As I walked the streets it was impossible to recognise any landmarks from those iconic photographs, all had changed, all had gone, buildings torn down and their inhabitant’s memories moved on. All that was left to remember of those earlier times were the black and white images and the infamous tales they tell of poverty and deprivation, of children finding hope and entertainment on heaps of rubble and within chalked games on walls.
No one perhaps knows these Gorbals images better that Neil Carragher, a native of Hamilton, Scotland, but now retired and living in Canada. For the past decade or so Neil and his wife Blanche have worked hard amassing a collection of vintage photographs of the Gorbals and know the streets well. After my own sojourn around the same-but-different streets, photographing in digital colour, I spoke with Neil about their print collection.
Neil’s interest in these photographs stemmed, perhaps not so unsurprisingly, from originally collecting over a 30-year period art work by the Scottish colourists, and from owning “six or seven Joan Eardley paintings, one of which was a little boy with baggy pants hitched up, an old belt, an orange sweater and a skelly eye. It was so touching. I bought that one just when my mother died which was about 1993 and I still have it here in my collection. I love Joan Eardley’s work.
“I’ve travelled fairly extensively and left Glasgow immediately after my first degree, and I went to London and then to Switzerland. Putting that Scottish collection together helped me keep in touch with Scotland I guess. I knew all the dealers and auction houses over the years, but when my mother died I bought that little Scottish Joan Eardley. It was a chalk drawing on glass paper. And as I kept looking at that I kept remembering the areas of Glasgow that I knew when I went to university between 1956-1960 in Glasgow, which was just about the end of the Gorbals.”
I wondered if Neil had moved onto collecting the prints of Marzaroli’s street waifs and Bert Hardy’s street urchins as he had been one himself. But no, Neil explained, “I think you have to give that to Joan Eardley, as I had about half a dozen of her drawings and paintings, and the more I looked at them the more I remembered my childhood. So I wasn’t part of the Gorbals, but I did observe and when I was at university I stayed in Townhead, so used to see those children playing around outside. So when I started, I’m a keen photographer myself, mostly a travel photographer, so I decided that there had to be some remnants or there had to be some record of the Gorbals and Glasgow at those times existing. So I started a search which during the first few years was very painful indeed because I couldn’t get anything. I went to all the newspapers… but I discovered all, most of the newspapers as they were taken over by English and American companies, destroyed their old images. It’s scandalous, it’s the heritage gone. Those reporters should have been in the middle of it…”
But to be a collector is to not be put off easily, the hunt is after all sometimes the reward itself.

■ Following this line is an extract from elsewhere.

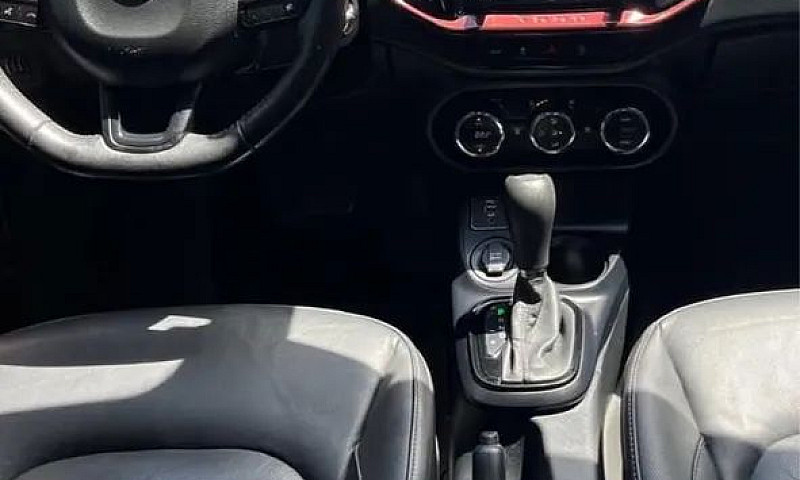 Fiat Toro Freedom 1....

Neil continued, “so I managed to contact Oscar Marzaroli’s widow, through a film maker friend and she was very reluctantly to see me but after a while she realised I was quite serious and I met her several times and she gave me access to the files that, the photos that Oscar left, which are a good part of my collection. Some of them, he did his own printing, so some of them are not brilliant, but certainly they are the original stuff. I loved his photographic eye. So I think I got more or less the cream of the crop from her and she told me basically he only had one showing since the time he died and he didn’t sell any from that, so it thought that was pretty scandalous too.” As with many artists it seems to achieve success or fame, Neil remarked, “you have to die first.”
But Neil’s collection has grown large over the years, Marzaroli’s images were “the start and I had to go to England to find photojournalists who had been sent up to Scotland after the war to photograph the worst slums in Europe. And through various methods I managed to contact one or two of the widows of those photojournalists. And I also got a collection, which had come from the old Picture Post magazine, which ended up in Chicago. And I bought a bunch of those from a professional photographic dealer in Chicago and also in New York. But none of those old photographs came from Glasgow or from Scotland full stop.”

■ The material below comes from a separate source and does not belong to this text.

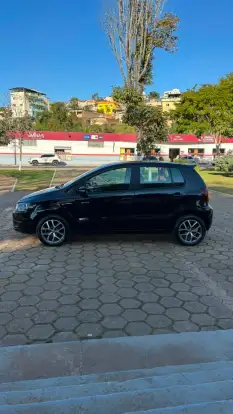 VOLKSWAGEN-FOX-2012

To peruse the images of Neil’s collection is to be reminded of the great power of photojournalism in the post-War years, of the great names of Picture Post, or of pre-eminent photographers Bill Brandt, of John Bulmer, Grace Robertson, Margaret Watkins and many more.
Neil reminisced, “As I continued looking for old Glasgow photographs I found that Glasgow wasn’t unique of course, Liverpool was the second port and had just as many problems with immigration and resettling people as Glasgow had. Then I went on to collect photographs of London after the Second World War with children playing in the streets. The fact was I just couldn’t find any more Gorbals photographs but I liked the theme and I thought it was concentrated enough to continue picking up those older photos.
I think I view the collection as an historical statement which should be preserved and used for research into historic social issues that Scotland and even part of those blitzed areas in London and Liverpool have. The reason for that is I found people, my contacts in Glasgow and Edinburgh, were not in the least interested in that time period. It was almost like it was a black era. Scotland may have had that but it was only a microcosm of the society and therefore we should forget about it. And I don’t think it should be forgotten at all, because these places like the Gorbals produced people who worked extremely hard, whom a lot of them emigrated and have done extremely well. We should take that as being a significant positive rather than being a negative.”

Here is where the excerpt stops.